Au lieu de répondre à Ursule, Gontran garda un moment le silence ; puis il lui dit avec un sourire contraint :

— Vous réunissez, sans doute, Madame, les qualités les plus rares ; vous avez certainement le droit de vous montrer difficile, dédaigneuse… Mais pourrait-on savoir au moins de quelles perfections inouïes, de quels surprenants avantages devrait être doué celui qui pourrait prétendre au bonheur inespéré de vous plaire ?

— Savez-vous, mon cousin, que vous êtes très fantasque ?

— Comment cela ?

— À l’instant même, vous me priez assez aigrement de ne plus vous mettre en question : et voici que vous recommencez de plus belle à parler de vous-même.

— Moi… au contraire…

— Me demander, avec une ironie si transparente, de quels dons surnaturels il faut être doté pour me plaire, n’est-ce pas me demander clairement pourquoi vous ne me plaisez pas du tout, vous qui réunissez tant de séductions irrésistibles ?… Eh bien… vous le voyez ; si je vous réponds, vous allez me reprocher encore, comme tout à l’heure, de changer un grave entretien en dissertations amoureuses…

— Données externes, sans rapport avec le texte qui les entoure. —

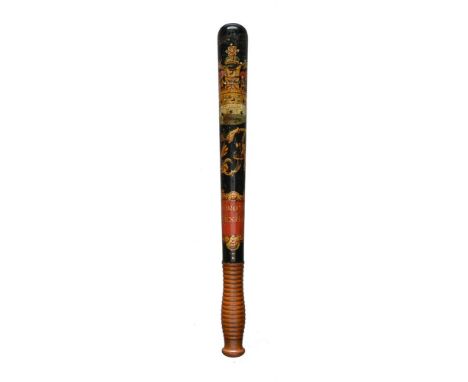 A Victorian painted and carved wood truncheon by Parker of Holborn, of Welsh Interest, the turned and tapered handle painted 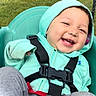 Marla is registered to the contest to win money with this photo: baby, babylaughing, clothing, coat, face, grass, gun, happy, hat, head, jacket, lifejacket, outdoors, person, photography, plant, portrait, smile, vest, weapon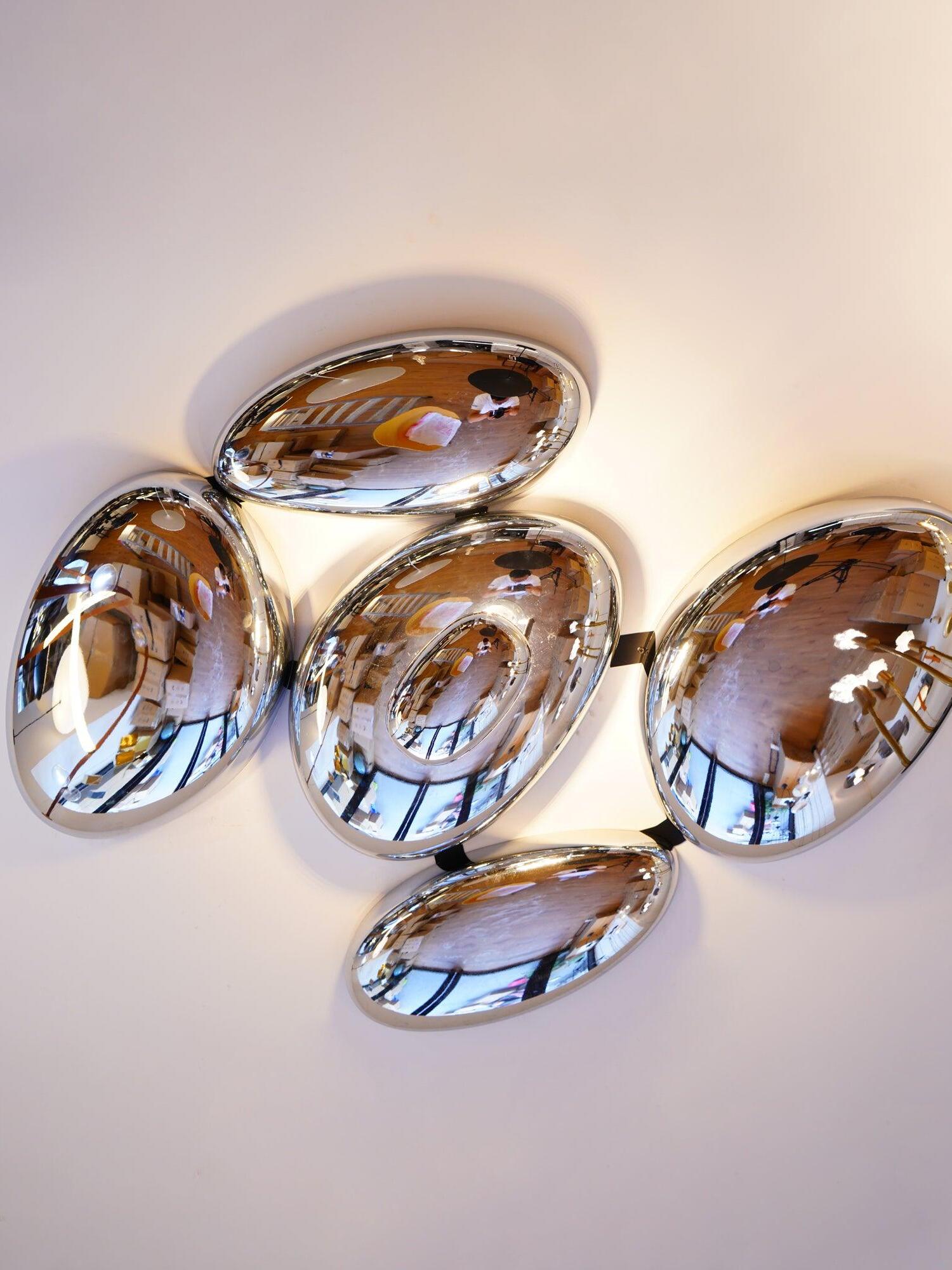 Oblique mirror-finish ceiling cluster with warm room reflections and lower oval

— Non, non… nous reprendrons cet entretien… Mais, voyons, dites… Je suis très curieux de connaître l’idéal que vous avez rêvé.

— Mon idéal ? à quoi bon, mon pauvre cousin ! il en est de tous ces héros rêvés par les jeunes filles, comme des réponses préparées d’avance ; l’on dit tout le contraire de ce qu’on voulait dire, et l’on adore tout le contraire de ce qu’on avait rêvé. Pourtant il est une première condition, sûr laquelle je serais inflexible : celui que j’aimerais devrait être complètement libre ; en un mot, garçon.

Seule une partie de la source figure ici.